Il tutto è iniziato a metà settimana quando Luca mi propone l’ennesima ravanata con bassissime probabilità di successo e sfacchinamento garantito. Tra l’altro, solo la montagna dovrebbe lasciarmi alquanto da pensare: il Cavalcorto. Ebbene si, l’inscalabile, inavvicinabile pinnacolo proprio sopra San Martino; quello che ho cercato di salire quattro (o forse anche cinque) volte dalla via dei Comaschi senza riuscire a salirne più di due tiri. Questa volta, l’idea è scalare la parete sud lungo Surya Namaskara. Ovviamene Cece scantona la maialata e così ci ritroviamo solo io e Luca, appunto due idioti.

Dopo aver consultato la relazione originale al bar Monica, finalmente alle 11 e mezza ci infiliamo sotto le coperte così, quando alle 4 suona la sveglia, la tentazione più forte è darle una martellata e girarsi dall’altra parte. Però alla fine partiamo.

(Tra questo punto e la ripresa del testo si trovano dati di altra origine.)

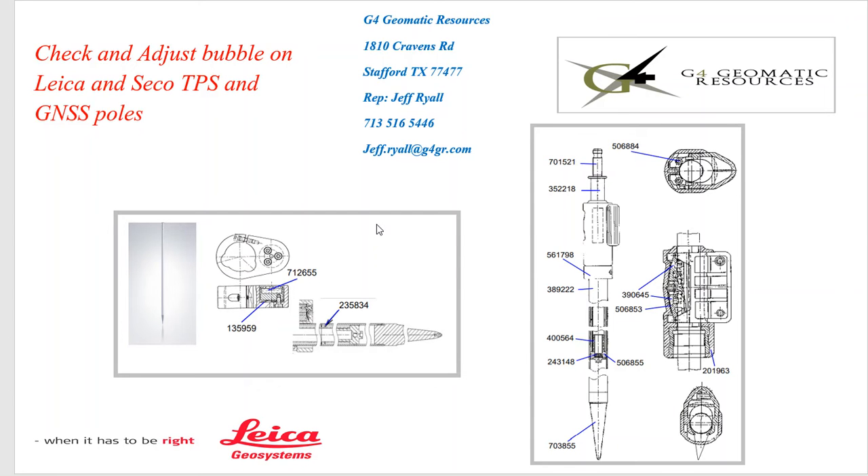Hello, this is Jeff Rahm from G4 Geomatic Resources in Houston, and today we're going to do a quick video on a field procedure to adjust the bubble, both on your total station TPS pole or your GNSS pole.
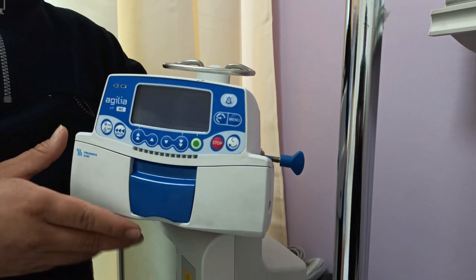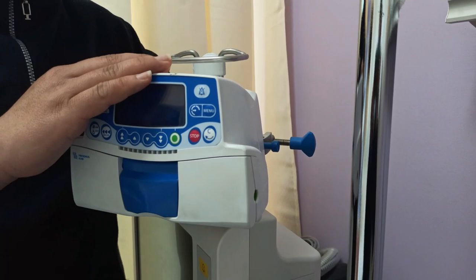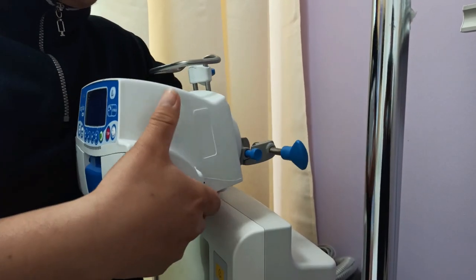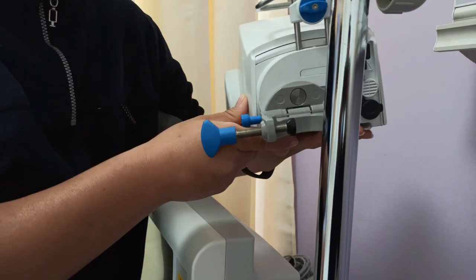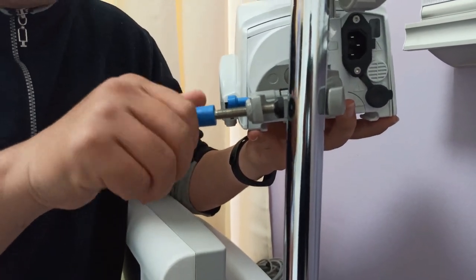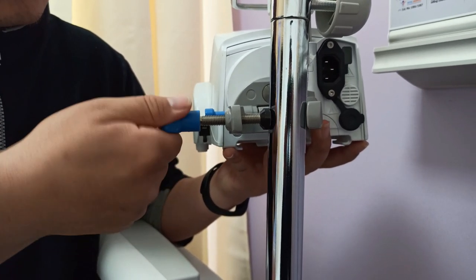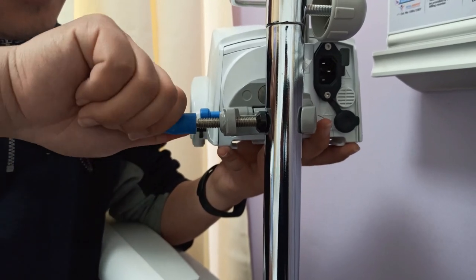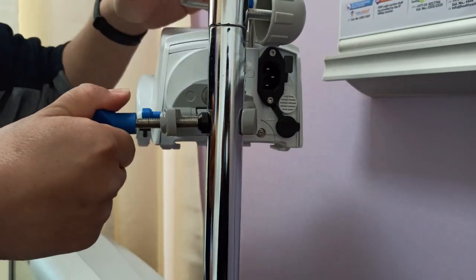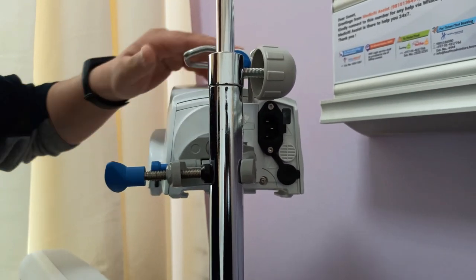Before operating the equipment, the first thing to do is clamp it to the IV pole. To do that, place it towards the IV pole, loosen up the screw, and once it is placed on the IV pole, tighten the screw until the equipment is no longer loose and is fixed in place.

Non sono ancora le 5, l’ambiente è color pece e solo le luci delle nostre frontali illuminano l’oscurità del bosco. Facciamo traccia in un mare di viscide e insidiose foglie pensando ai numeri che eseguiremo in discesa quando stanchi e sfiancati trascineremo i nostri piedi in questa specie di poltiglia volatile. Intanto ci lasciamo la foresta dietro le spalle mentre il sentiero si trasforma in un’unica lastra di ghiaccio. Buon presagio! Cercando disperatamente di non sfracellarci al suolo, piroettiamo tra una pietra e l’altra, un ciuffo d’erba dietro l’altro, per cercare di guadagnare quota. La traccia intanto sale e noi con lei; raggiungiamo il ponte sul torrente e poi navighiamo a vista allungando ovviamente il percorso più del necessario prima di ritrovare il sentiero mentre la est del Cavalcorto ci mostra le sue sinuosità. Sono circa le 7 e, se da un lato inizia a schiarire, dall’altro la situazione diventa sempre più nera. Buon presagio! Ancora!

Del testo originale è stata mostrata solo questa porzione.